これこそが希望だという定番はない。希望や理想というものは人それぞれ違う。人の数だけ、希望の数がある。
希望は、自分自身で創るものだ。
自分の人生は自分で歩むものだから、自分の人生をほかの人に生きてもらうことなんてできない。
希望は、手探りしながら自分自身で手作りするからこそ面白い。
お仕着せの希望はいらない。
人や世間の希望に縛られるのもごめんだ。
百人百様のいろんな希望があるからこそ、この世界は彩り豊かで興味深いものになる。無限にある希望の種類とその無限の組み合わせ――それがあってこそ、この世は夢にあふれた世界になるのではないだろうか。

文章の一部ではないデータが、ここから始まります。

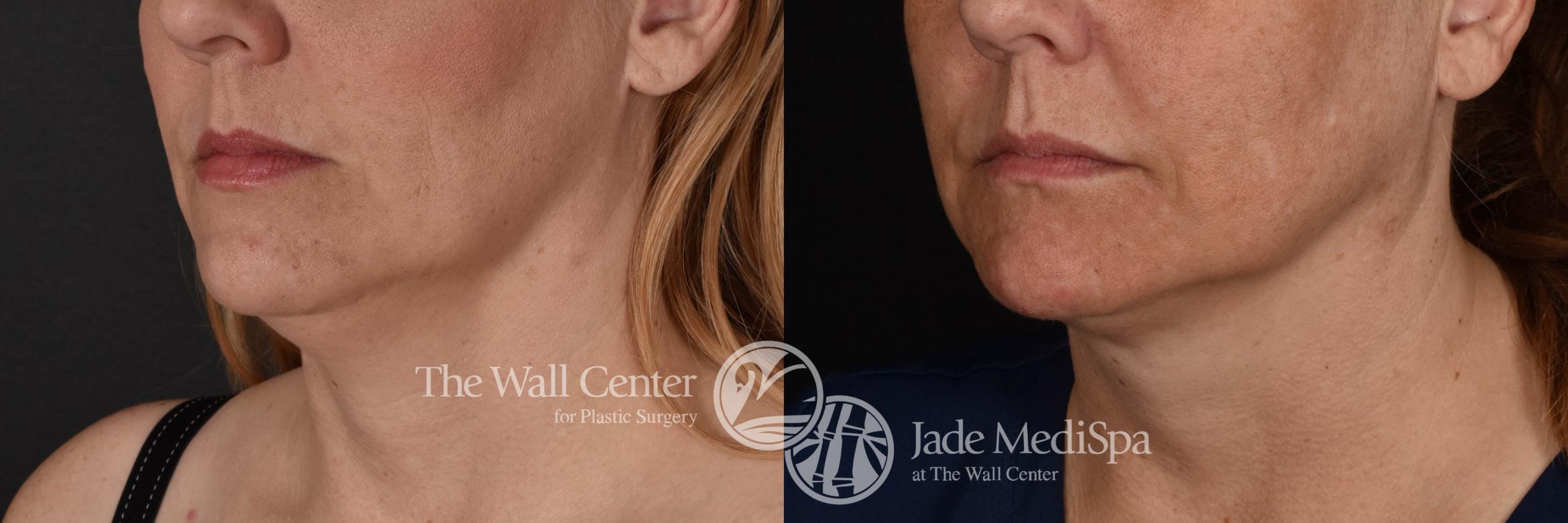 CoolSculpting Left Oblique Photo, Shreveport, Louisiana, Jade Medispa, The Wall Center, Case 572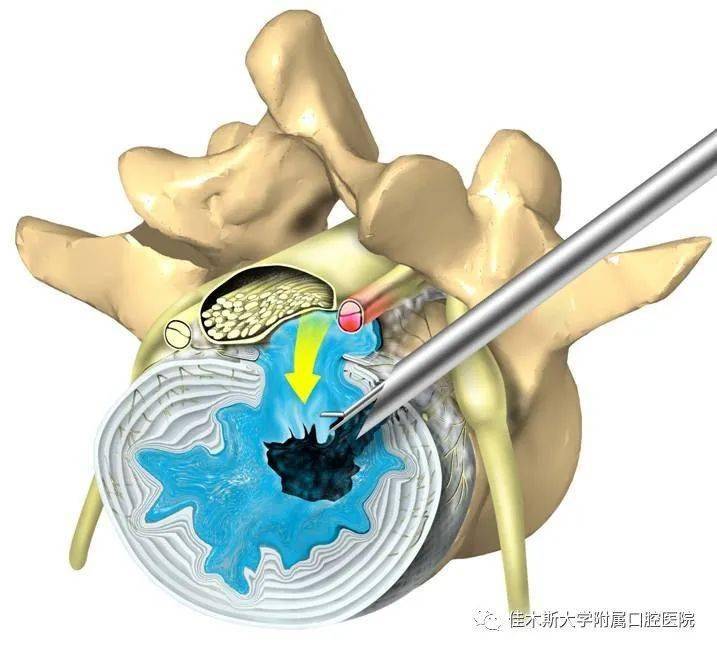 椎间孔有什么通过图片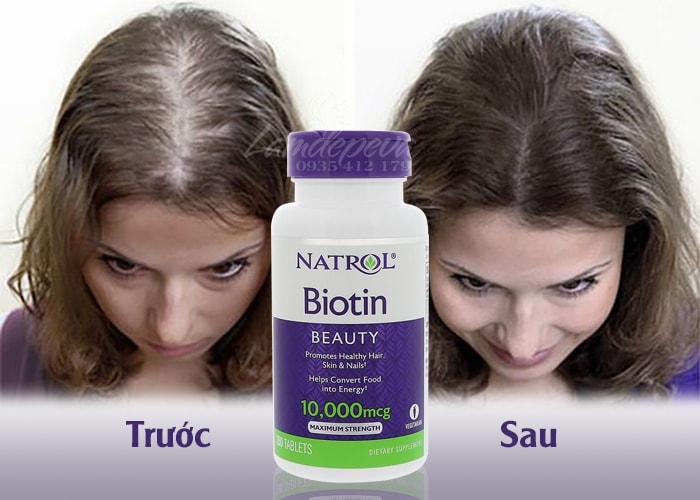 Biotin mọc tóc Natrol Beauty Mỹ hỗ trợ tóc mọc nhanh hơn, dày hơn, cho mái tóc khỏe mạnh, làn da rạng rỡ và móng tay chắc khỏe - QuaTangMe Extaste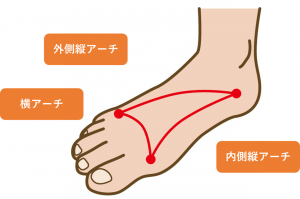 足のタコが痛い 削ってもすぐできる原因と対策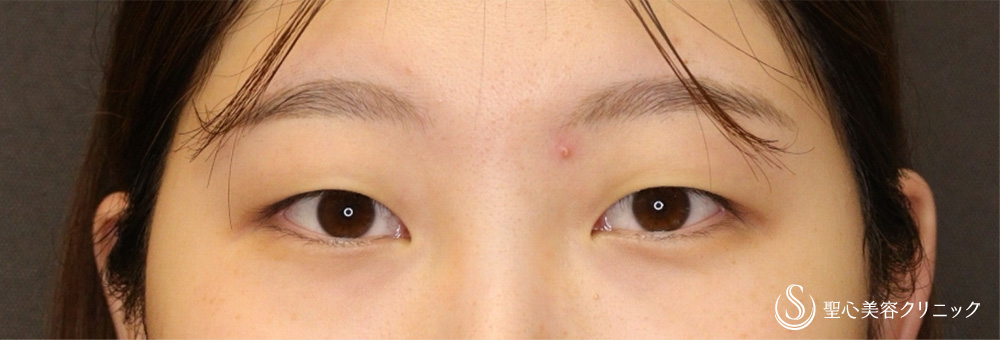 二重術（埋没法）：マイクロメソッド+α（二重埋没法）_Before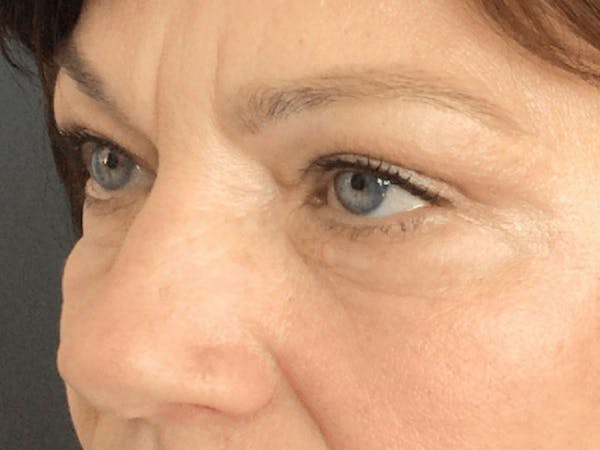 Blepharoplasty Before & After Gallery - Patient 362991 - Image 4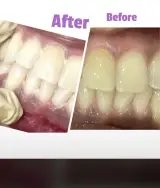 مطب دندانپزشکی دکتر هاله کرمیان در کرج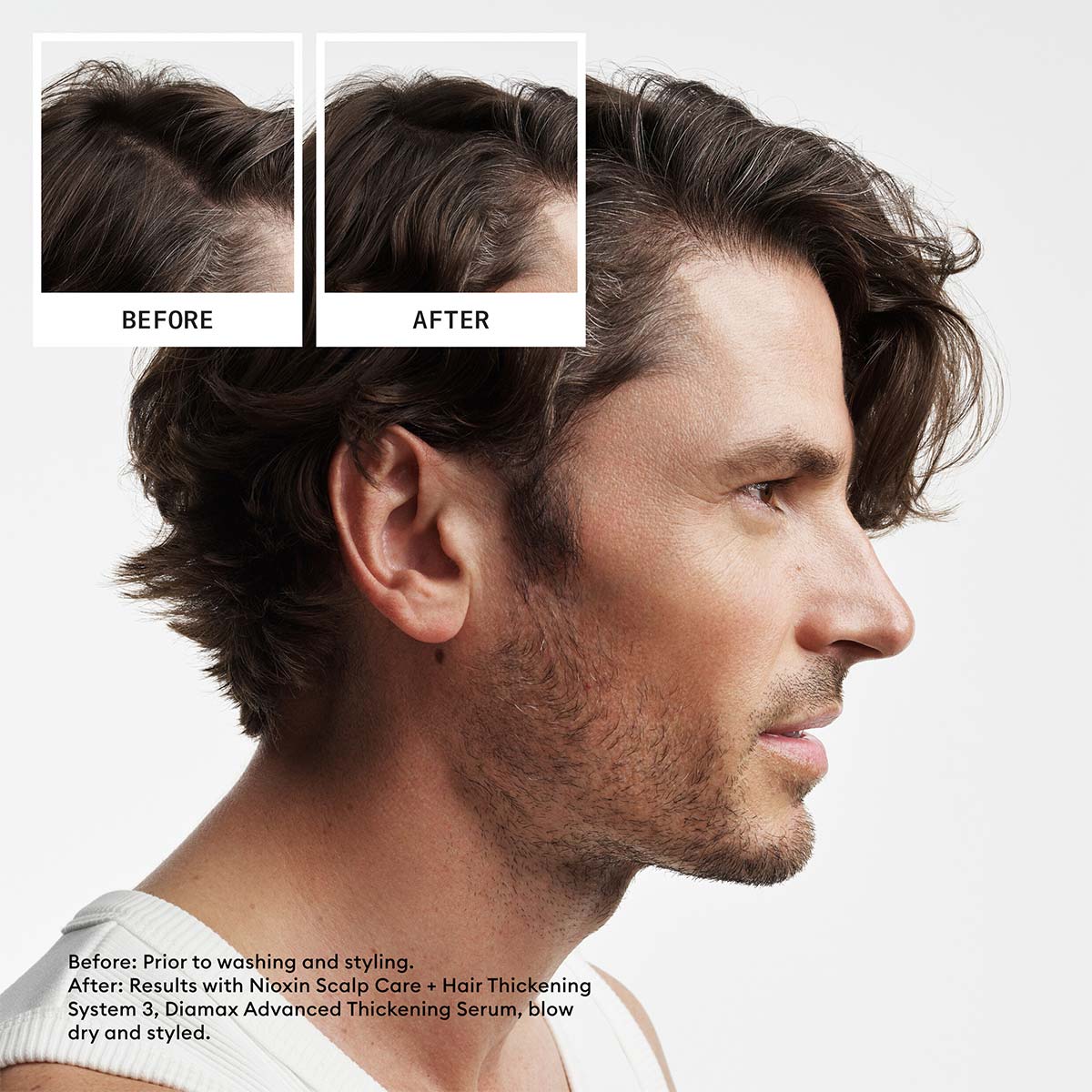 NIOXIN - System 2 Loyalty Kit 4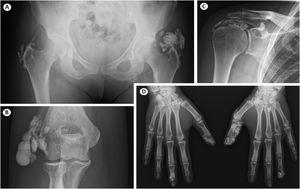 Calcinosis cutis in systemic sclerosis. X-rays show soft tissue calcium deposits in hips (A), right elbow (B), right shoulder (C) and fingers (D).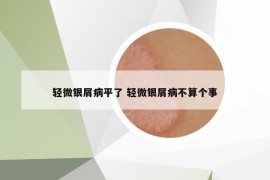 輕微銀屑病平了 輕微銀屑病不算個(gè)事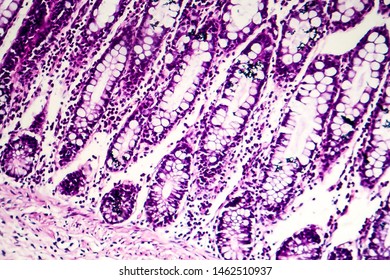 Bacillary Dysentery Light Micrograph Photo Under Stock Photo 1462510907 ...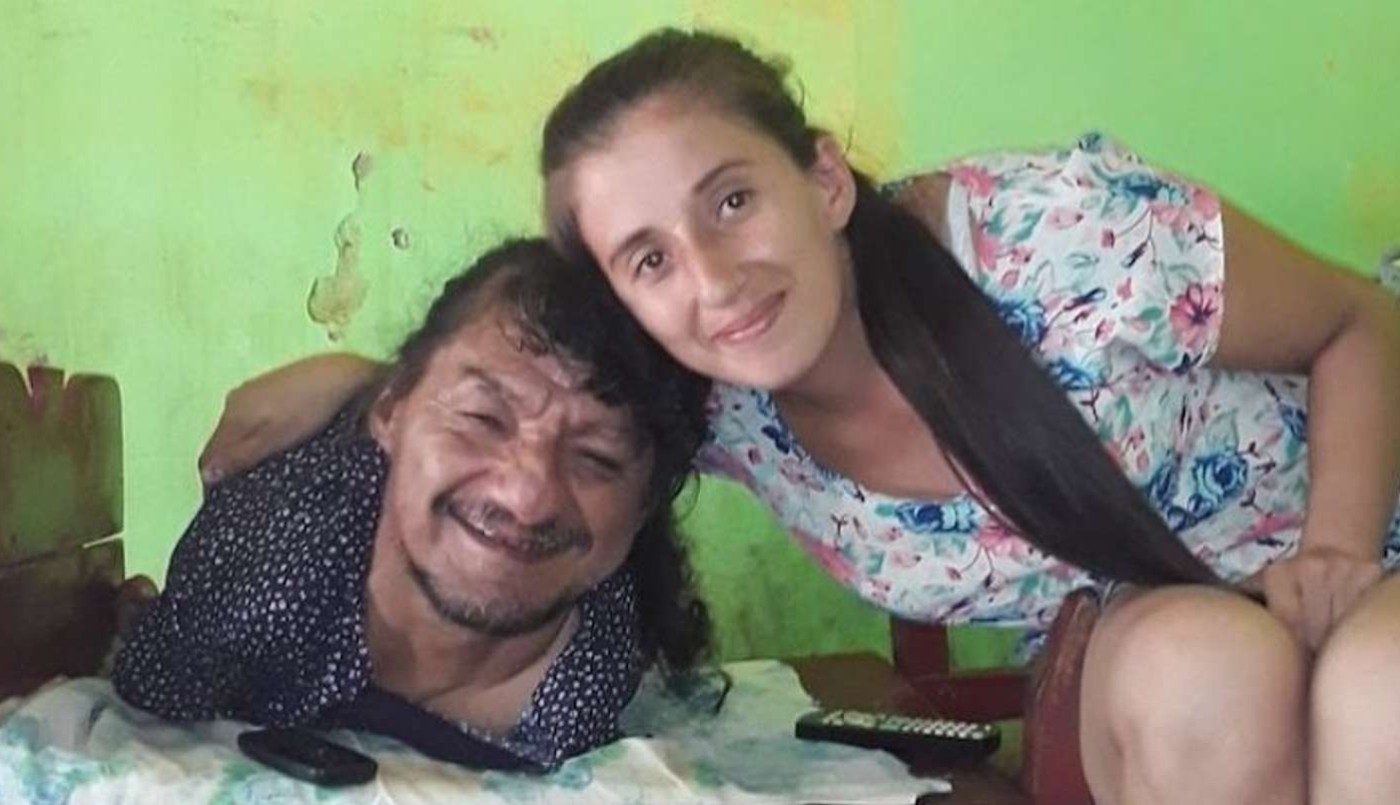 La conmovedora historia del hombre sin piernas ni brazos que crió solo a sus dos hijas | Actualidad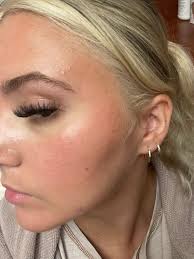 Sensitive skin with eczema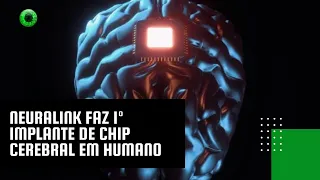 Neuralink faz 1º implante de chip cerebral em humano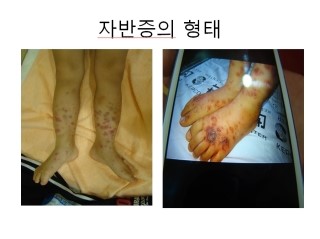 자반증의_형태3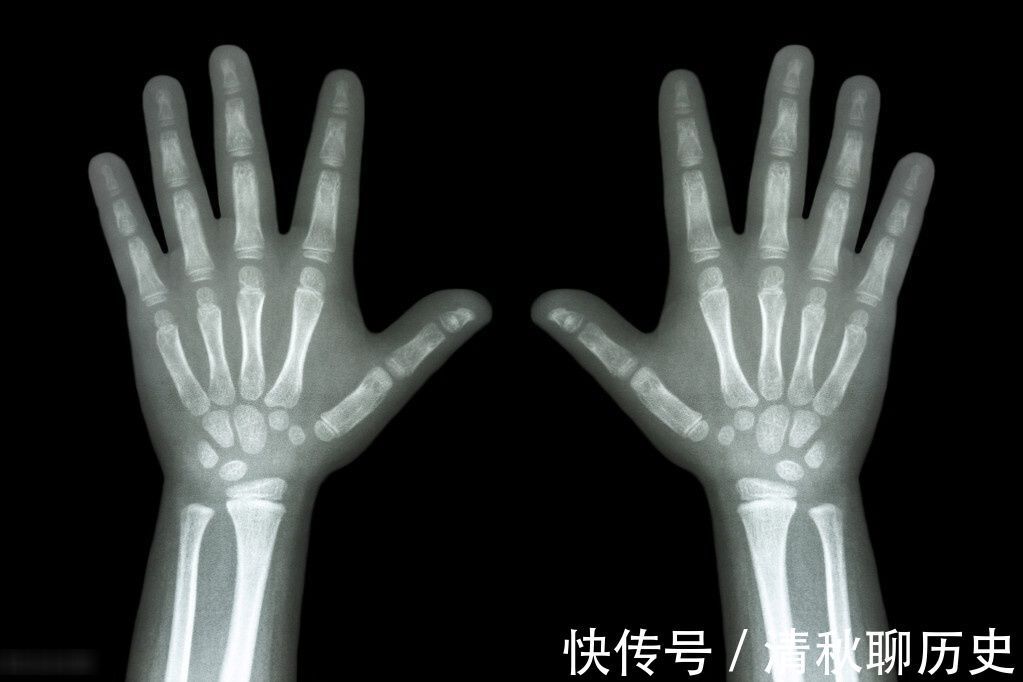 生长发育|天天喝牛奶吃钙片,孩子还是不长个子?孩子身高每年长多少正常?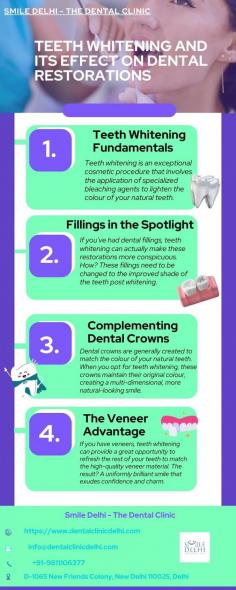 Teeth Whitening & Its Effect on Dental Restoration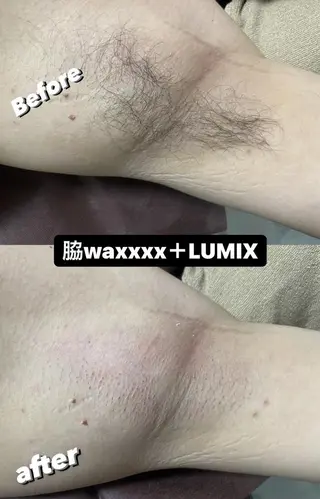 メンズ Epina 千葉店 【エピナ】のエステ・リラクイメージ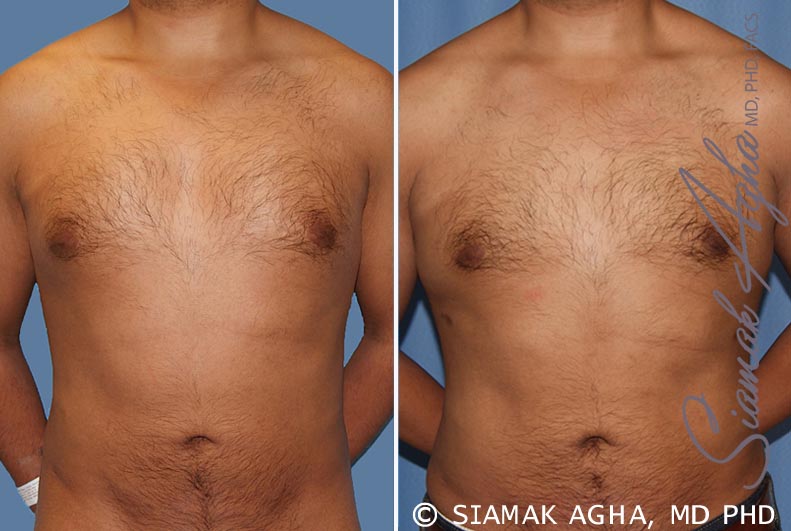 orange county male breast reduction patient 6 front Newport Beach, CA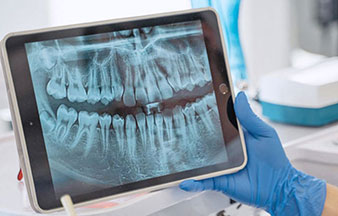 digital x-ray of teeth being shown on a tablet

ただ一点だけ、人として大切なことだけは忘れてはいけないと思う。社会的なルールや処世術といった道徳の問題としてではなく、やさしさという良心の問題として。希望とわがままはまったく違うものだから。
時には自分の良心を裏切るようなことをして人を傷つけざるを得ないのがこの世の悲しい現実だけど、心にやさしさを忘れなければ、人としていられる。物欲、金銭欲、性欲、名誉欲、権力欲、そんな欲望がすべてだと勘違いしたすれっからしや、人の骨までしゃぶって相手を利用しつくすような鬼にならずにすむ。そんな人たちの希望は、希望とは呼べない。ただのエゴイズムであり、悪意であり、くだらない欲得だ。なにかのセリフにあったけど、やさしくなければ人ではない。
人間は、ただ存在するだけでは不十分だ。
こんなご時勢だから、生き延びるために必死にならざるを得ないし、それは間違ったことではないのだけど、サバイバルを図るだけでも不十分だ。
なにより、自分自身の手で希望を創り、理想へ向かって歩く意志が大切だ。
その志さえあれば、さまざまな困難があったとしても、たとえこれから時代の闇がもっと濃くなったとしても、人生は輝くものになるはず。悲しみに覆われたこの世界もきっと輝くはず。決してつまらないものにはならないだろう。
手作りの希望が語りかけてくるかすかなささやきに耳を澄まそう。
希望を手放さず、希望を見つめて、しっかり生きよう。